Making decisions about what data to request access to and then interpreting findings from the data analyses require in-depth information about the methodologies investigators used in the original study, including recruitment strategies and inclusion and exclusion criteria. How subjects were recruited and selected are important considerations when assessing the quality of the original study, determining how appropriate the study data would be for addressing the research questions or hypotheses of another study, and interpreting the findings from a study that utilized the data from the original study. Fortunately, many of the researchers who have made their data available in these databases have published articles about their methodologies; therefore, a thorough literature search can capture this information. Other information that can be extracted from the literature may include the number of subjects in the original study, which can differ significantly from what is available through the databases, how certain types of data were collected, and what has been published so far (to prevent overlap of effort and highlight opportunities for additional inquiry).

Other challenges associated with using shared omics data include adjudication of omics data, combining omics data collected using multiple data collection platforms, and the ethical and policy-related issues around sharing the data and subsequent findings. These are important issues currently receiving attention in the omics scientific community. The white paper from the National Consortium for Data Science entitled Data to Discovery: Genomes to Health (Ahalt et al., 2014) provides more information related to these challenges.

An additional challenge related to using data available through omics databases is that analyses of data and interpretation of findings, particularly if whole genome data will be analyzed, require specialized statistical and bioinformatics expertise. Although the entire research community faces this issue, it may be especially challenging for nurse scientists who may not have access to the necessary resources or statistical expertise among their network of current collaborators.
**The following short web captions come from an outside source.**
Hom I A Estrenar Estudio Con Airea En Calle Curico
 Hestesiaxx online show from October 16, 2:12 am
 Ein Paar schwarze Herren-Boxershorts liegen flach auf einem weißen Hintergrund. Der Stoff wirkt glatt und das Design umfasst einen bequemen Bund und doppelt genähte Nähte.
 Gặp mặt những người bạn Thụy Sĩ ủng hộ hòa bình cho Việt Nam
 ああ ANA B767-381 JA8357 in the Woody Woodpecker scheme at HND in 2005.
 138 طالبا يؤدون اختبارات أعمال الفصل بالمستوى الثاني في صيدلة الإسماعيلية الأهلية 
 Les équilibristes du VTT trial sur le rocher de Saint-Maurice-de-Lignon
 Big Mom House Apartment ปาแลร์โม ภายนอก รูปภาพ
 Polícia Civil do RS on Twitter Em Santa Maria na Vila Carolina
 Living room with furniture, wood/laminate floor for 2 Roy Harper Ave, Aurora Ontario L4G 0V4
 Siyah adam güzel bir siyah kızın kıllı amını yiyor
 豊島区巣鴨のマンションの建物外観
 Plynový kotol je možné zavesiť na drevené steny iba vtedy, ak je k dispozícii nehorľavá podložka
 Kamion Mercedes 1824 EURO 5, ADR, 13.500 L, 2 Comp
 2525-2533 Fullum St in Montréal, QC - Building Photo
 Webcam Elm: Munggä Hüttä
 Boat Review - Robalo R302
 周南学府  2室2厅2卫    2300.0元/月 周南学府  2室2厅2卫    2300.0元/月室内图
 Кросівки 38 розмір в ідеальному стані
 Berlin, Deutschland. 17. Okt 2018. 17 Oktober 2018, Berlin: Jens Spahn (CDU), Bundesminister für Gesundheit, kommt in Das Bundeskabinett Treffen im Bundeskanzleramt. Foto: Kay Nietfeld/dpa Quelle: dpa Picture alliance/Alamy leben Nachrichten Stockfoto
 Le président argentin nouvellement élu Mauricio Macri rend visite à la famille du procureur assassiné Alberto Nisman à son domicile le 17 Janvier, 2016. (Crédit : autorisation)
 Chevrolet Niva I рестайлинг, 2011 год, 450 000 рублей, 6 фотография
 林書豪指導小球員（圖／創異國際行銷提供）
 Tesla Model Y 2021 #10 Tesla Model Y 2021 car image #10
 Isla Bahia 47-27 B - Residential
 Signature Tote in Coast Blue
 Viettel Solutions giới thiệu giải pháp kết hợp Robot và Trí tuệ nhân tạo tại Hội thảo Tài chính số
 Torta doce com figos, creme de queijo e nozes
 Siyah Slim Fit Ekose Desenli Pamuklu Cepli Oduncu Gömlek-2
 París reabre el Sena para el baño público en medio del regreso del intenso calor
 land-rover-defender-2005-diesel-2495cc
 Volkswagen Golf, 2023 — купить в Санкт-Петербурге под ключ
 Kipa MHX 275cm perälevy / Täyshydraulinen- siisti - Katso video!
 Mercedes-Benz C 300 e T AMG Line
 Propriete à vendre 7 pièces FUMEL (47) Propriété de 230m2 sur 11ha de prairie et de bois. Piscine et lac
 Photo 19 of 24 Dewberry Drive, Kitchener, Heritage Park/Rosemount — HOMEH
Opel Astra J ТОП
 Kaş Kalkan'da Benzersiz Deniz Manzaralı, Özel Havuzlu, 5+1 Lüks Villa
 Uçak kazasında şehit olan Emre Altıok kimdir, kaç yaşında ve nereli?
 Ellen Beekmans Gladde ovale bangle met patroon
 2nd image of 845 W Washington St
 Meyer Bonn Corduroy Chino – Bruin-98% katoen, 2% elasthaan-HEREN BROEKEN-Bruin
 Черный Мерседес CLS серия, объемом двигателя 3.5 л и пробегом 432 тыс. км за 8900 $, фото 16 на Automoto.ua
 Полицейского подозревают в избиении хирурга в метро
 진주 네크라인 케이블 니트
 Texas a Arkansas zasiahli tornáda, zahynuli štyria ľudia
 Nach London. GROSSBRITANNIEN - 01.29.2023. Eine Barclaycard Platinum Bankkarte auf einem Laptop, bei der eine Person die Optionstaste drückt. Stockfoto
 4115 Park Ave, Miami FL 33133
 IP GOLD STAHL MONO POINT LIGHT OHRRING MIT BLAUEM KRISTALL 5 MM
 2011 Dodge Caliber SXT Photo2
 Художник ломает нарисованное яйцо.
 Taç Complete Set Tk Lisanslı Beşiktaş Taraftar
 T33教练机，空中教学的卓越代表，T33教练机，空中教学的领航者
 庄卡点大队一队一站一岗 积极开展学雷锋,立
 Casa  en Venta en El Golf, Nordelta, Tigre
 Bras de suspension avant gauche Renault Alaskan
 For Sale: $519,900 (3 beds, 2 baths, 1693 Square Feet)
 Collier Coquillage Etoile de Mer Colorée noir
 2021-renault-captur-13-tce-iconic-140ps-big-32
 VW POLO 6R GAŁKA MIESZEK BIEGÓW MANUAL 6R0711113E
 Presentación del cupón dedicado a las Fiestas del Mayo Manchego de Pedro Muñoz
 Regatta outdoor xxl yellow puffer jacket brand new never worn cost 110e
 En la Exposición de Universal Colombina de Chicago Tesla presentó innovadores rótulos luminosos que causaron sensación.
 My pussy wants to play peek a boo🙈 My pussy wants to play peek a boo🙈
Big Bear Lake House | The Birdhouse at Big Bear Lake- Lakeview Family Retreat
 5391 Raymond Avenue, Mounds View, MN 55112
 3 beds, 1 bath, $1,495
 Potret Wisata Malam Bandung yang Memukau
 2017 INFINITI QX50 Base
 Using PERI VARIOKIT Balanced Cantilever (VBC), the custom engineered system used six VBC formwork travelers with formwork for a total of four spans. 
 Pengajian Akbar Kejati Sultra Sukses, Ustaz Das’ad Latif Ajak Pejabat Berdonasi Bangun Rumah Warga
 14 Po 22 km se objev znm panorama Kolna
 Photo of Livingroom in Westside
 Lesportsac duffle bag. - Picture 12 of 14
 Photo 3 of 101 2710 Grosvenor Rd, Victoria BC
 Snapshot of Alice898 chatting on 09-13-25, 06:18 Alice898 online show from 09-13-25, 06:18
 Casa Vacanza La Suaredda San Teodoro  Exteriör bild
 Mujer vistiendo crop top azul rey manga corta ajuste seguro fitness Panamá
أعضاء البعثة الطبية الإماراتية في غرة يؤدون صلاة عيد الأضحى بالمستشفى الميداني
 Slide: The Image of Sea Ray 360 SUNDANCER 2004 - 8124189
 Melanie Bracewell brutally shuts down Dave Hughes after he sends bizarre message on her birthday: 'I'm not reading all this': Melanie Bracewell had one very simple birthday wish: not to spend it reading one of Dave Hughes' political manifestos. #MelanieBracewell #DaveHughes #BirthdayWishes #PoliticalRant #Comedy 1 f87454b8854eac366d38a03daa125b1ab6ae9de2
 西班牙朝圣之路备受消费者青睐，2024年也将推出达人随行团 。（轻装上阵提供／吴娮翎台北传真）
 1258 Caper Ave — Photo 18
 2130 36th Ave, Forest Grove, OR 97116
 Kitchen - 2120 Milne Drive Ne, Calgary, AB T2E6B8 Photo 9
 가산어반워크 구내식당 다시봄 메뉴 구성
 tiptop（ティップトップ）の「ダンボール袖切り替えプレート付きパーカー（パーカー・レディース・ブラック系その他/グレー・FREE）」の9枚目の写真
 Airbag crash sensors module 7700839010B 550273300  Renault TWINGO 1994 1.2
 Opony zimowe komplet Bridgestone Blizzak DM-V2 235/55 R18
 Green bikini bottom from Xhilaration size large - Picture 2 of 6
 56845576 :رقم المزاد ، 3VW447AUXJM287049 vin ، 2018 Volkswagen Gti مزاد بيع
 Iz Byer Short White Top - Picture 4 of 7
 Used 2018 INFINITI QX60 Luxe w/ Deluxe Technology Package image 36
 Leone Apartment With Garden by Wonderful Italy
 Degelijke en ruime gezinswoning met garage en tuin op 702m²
We encourage scientists embarking on a project involving the access of data through omics databases to seek guidance from potential colleagues at bioinformatics and computational genomics cores, which are found at many universities and medical centers and whose services are often available to collaborators from outside of their university. These cores are charged with facilitating translational research; therefore, they are ideal collaborators for nurse scientists who conceptualize the translational use of these data.

Conclusion

Scientists today have a golden opportunity to address big questions and substantially move symptom science forward by taking advantage of the abundance of phenotype and omics-related data available for the asking. The wealth of data available and the infinite research questions that can be asked with these data are inspiring. Tremendous resources have been invested into the studies that are making their omics data available to the research community. Many of these studies recruited thousands of individuals and families, collected and banked biospecimens, and collected copious amounts of personal and phenotype data (often longitudinally) and a variety of omics data. Nurse scientists are well positioned to repurpose these data to answer new questions and generate and test new hypotheses related to symptoms that the research community has not been yet addressed.